[WORK INSTRUCTIONS]: Using the listing below, copy every line that mentions "Blanc".

[DATA EXCERPTS]:
[Start of section]
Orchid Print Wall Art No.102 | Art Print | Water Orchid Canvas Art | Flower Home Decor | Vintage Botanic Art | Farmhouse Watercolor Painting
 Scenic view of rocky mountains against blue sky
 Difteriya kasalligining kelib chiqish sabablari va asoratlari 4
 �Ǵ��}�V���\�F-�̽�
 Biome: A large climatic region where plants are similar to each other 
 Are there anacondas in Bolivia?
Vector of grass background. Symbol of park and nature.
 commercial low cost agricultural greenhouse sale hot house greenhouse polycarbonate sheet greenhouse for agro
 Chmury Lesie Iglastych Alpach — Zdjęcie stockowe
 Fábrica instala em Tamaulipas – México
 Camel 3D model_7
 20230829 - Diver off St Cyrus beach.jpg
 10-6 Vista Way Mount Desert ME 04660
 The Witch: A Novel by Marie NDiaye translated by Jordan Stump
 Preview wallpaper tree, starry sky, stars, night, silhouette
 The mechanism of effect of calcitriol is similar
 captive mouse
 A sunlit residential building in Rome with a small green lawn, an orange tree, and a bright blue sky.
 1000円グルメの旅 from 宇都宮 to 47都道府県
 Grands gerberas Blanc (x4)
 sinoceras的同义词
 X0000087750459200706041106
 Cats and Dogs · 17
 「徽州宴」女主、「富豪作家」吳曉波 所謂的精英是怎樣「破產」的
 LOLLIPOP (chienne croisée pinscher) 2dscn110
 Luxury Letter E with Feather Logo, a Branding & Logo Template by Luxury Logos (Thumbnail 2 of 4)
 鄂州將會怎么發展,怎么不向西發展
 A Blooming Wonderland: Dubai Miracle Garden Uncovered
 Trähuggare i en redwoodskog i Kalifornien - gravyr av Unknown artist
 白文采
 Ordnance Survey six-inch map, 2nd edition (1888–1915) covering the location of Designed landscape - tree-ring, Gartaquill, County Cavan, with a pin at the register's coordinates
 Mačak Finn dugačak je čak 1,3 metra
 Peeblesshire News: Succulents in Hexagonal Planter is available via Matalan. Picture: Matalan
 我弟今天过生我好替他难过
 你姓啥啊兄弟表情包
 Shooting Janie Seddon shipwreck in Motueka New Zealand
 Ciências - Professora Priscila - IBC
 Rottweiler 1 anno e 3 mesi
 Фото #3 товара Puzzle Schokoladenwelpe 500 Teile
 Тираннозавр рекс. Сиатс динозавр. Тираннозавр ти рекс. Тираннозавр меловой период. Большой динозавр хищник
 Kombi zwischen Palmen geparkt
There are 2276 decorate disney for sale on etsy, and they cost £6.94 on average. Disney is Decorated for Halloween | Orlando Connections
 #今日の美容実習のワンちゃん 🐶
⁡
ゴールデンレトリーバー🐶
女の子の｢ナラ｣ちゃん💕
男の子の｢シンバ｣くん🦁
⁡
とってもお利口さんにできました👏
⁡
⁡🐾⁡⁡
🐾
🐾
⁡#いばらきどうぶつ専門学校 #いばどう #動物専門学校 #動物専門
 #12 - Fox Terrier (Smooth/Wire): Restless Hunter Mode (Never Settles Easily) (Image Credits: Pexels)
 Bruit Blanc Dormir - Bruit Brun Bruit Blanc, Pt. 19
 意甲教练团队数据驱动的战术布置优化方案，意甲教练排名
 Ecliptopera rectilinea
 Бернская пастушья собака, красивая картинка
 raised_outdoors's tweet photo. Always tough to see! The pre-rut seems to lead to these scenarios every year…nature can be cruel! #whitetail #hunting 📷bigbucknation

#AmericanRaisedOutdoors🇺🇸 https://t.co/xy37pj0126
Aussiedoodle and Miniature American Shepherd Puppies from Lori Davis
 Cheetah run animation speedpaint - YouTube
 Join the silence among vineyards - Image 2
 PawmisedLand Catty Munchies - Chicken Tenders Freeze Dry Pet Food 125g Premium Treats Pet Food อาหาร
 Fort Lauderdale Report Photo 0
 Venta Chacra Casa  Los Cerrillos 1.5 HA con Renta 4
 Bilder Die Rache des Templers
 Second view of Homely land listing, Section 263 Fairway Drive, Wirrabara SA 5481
[End of section]
[EXERCISE SOLUTION]:
 Grands gerberas Blanc (x4)
 Bruit Blanc Dormir - Bruit Brun Bruit Blanc, Pt. 19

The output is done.